**BRIEF**. Your job is to return each record exactly, minus any pictures.

**SUPPLIED DATA**.
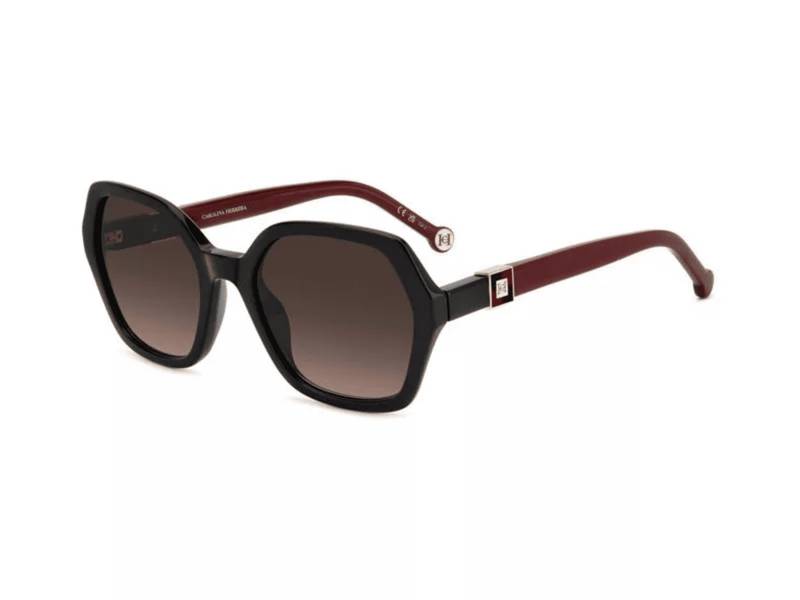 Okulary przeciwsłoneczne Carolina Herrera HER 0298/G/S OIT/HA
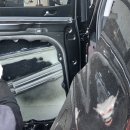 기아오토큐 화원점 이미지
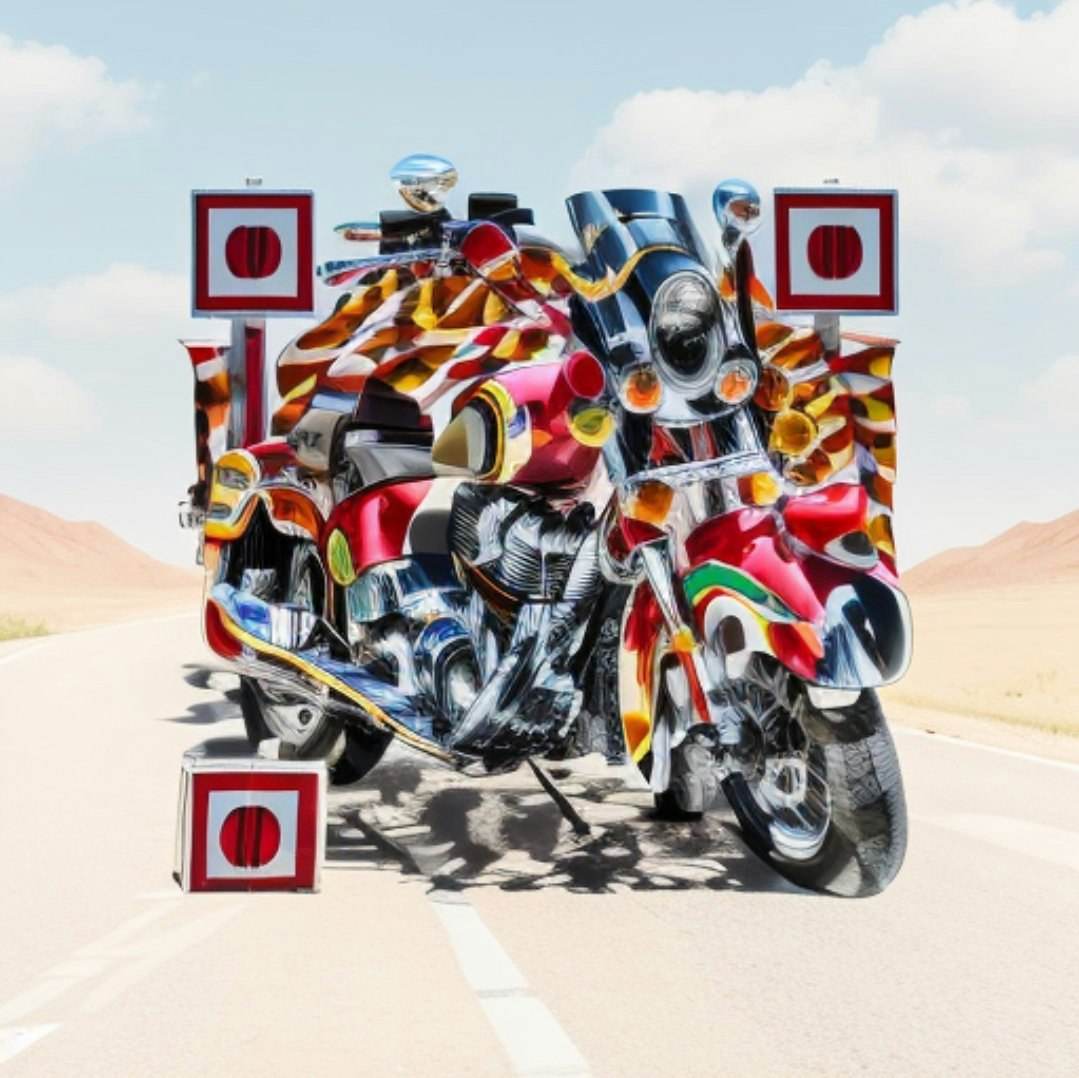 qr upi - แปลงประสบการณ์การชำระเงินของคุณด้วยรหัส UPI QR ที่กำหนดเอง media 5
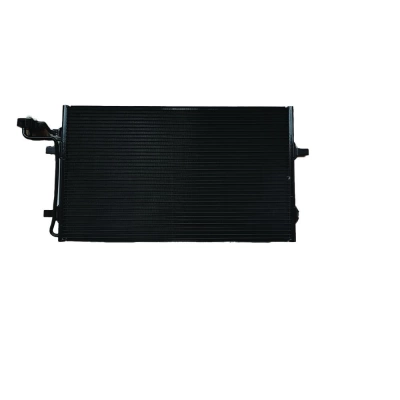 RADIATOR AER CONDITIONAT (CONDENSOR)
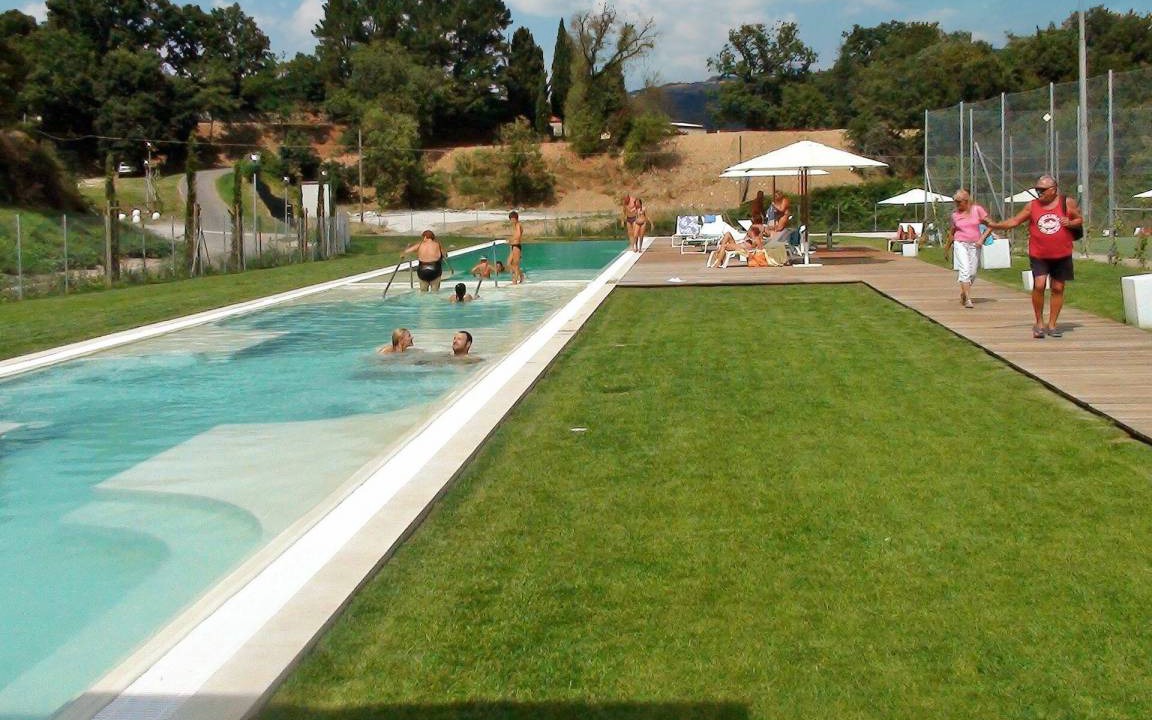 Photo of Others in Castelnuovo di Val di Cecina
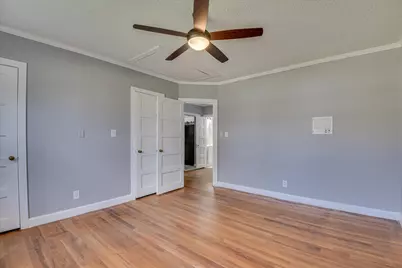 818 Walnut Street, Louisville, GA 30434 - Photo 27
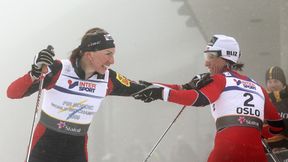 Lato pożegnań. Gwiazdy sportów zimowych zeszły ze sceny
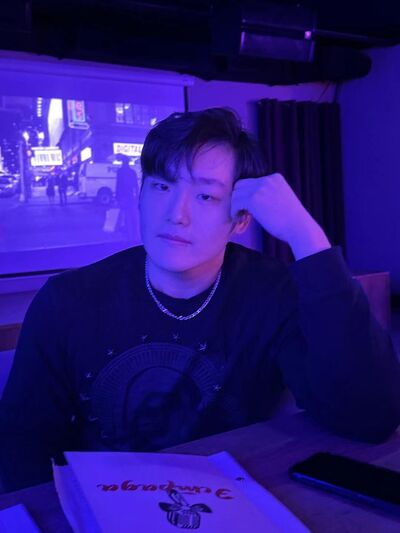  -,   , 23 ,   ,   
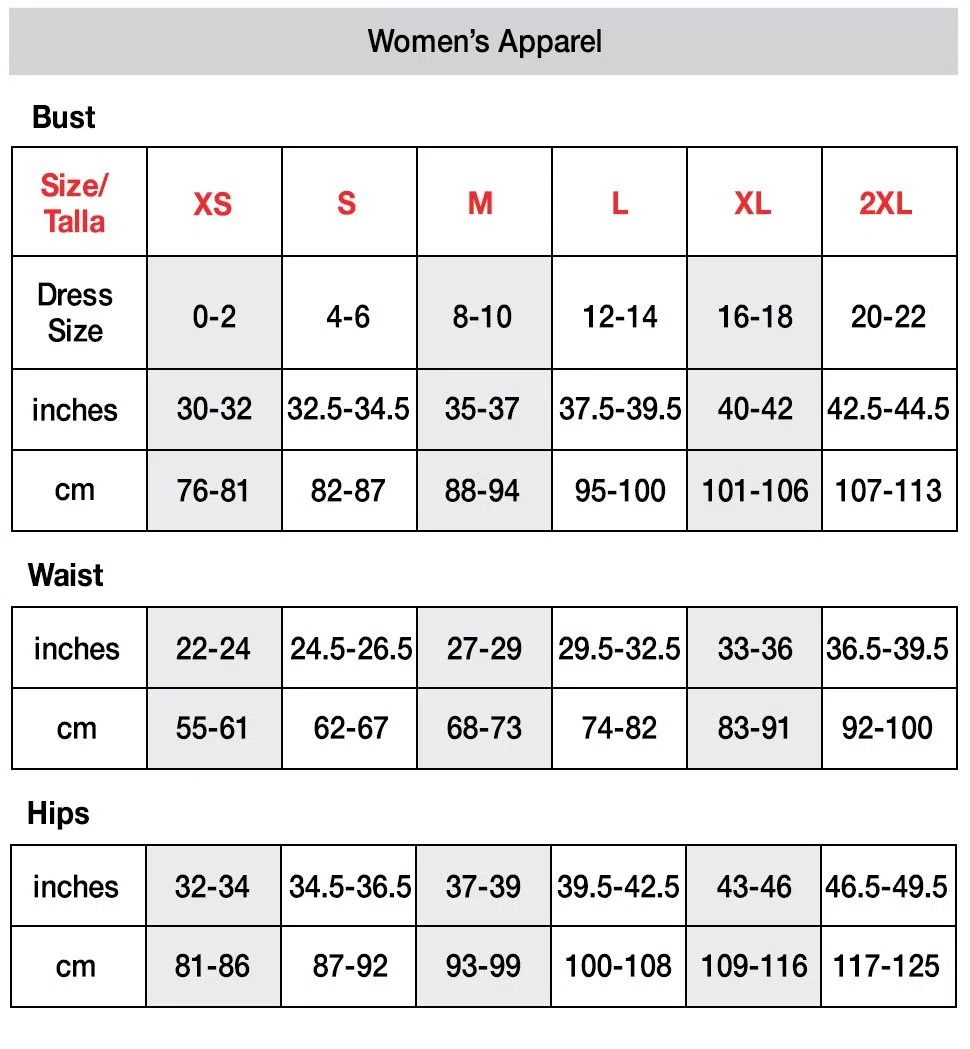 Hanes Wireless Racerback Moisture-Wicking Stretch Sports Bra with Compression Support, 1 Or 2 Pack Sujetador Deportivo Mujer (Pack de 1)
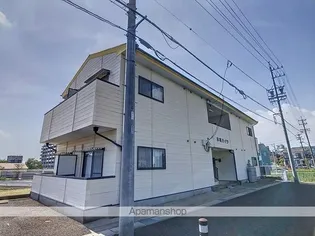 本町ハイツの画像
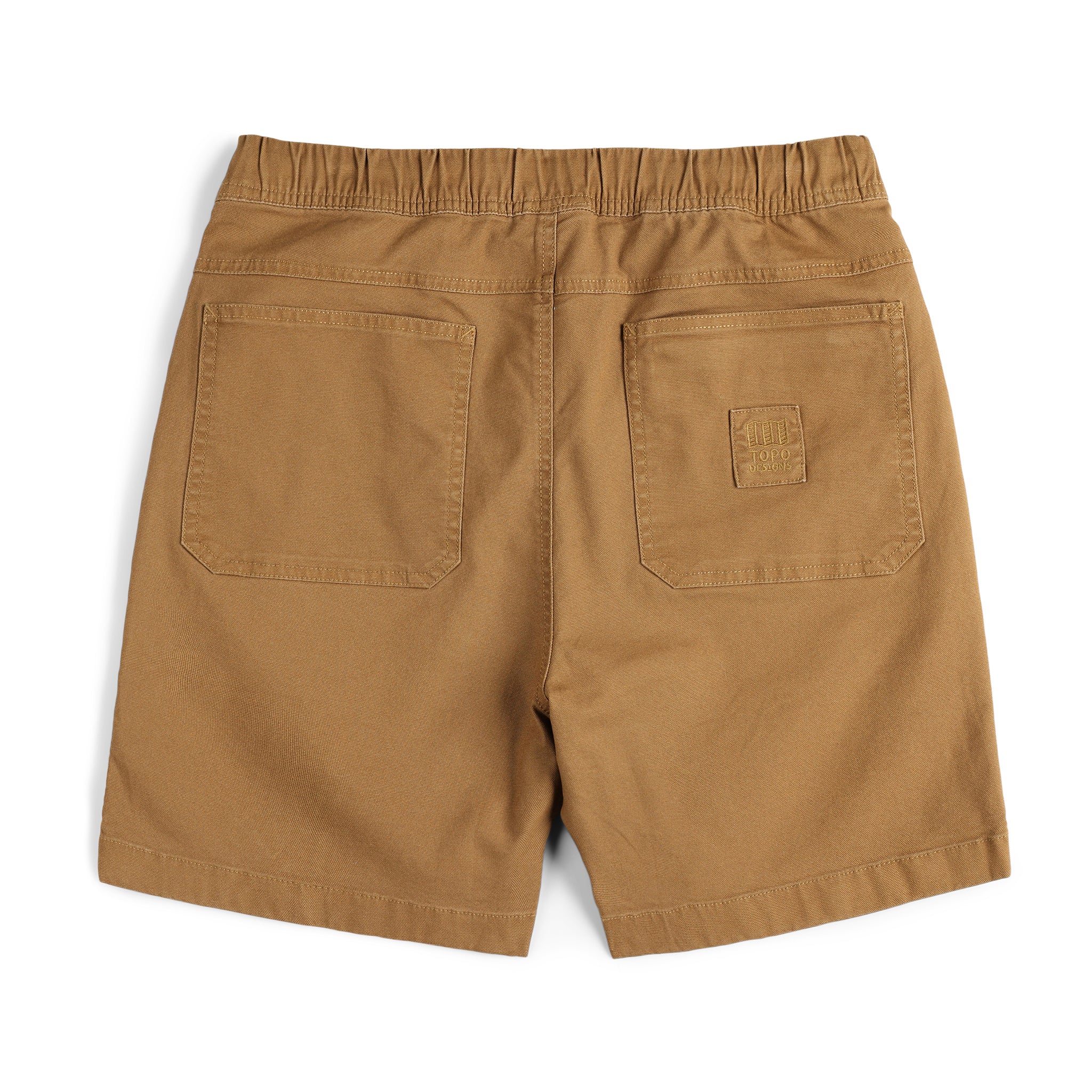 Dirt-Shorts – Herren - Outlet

**RESULT OF THE EXERCISE**.
 Okulary przeciwsłoneczne Carolina Herrera HER 0298/G/S OIT/HA
 기아오토큐 화원점 이미지
 qr upi - แปลงประสบการณ์การชำระเงินของคุณด้วยรหัส UPI QR ที่กำหนดเอง media 5
 RADIATOR AER CONDITIONAT (CONDENSOR)
 Photo of Others in Castelnuovo di Val di Cecina
 818 Walnut Street, Louisville, GA 30434 - Photo 27
 Lato pożegnań. Gwiazdy sportów zimowych zeszły ze sceny
  -,   , 23 ,   ,   
 Hanes Wireless Racerback Moisture-Wicking Stretch Sports Bra with Compression Support, 1 Or 2 Pack Sujetador Deportivo Mujer (Pack de 1)
 本町ハイツの画像
 Dirt-Shorts – Herren - Outlet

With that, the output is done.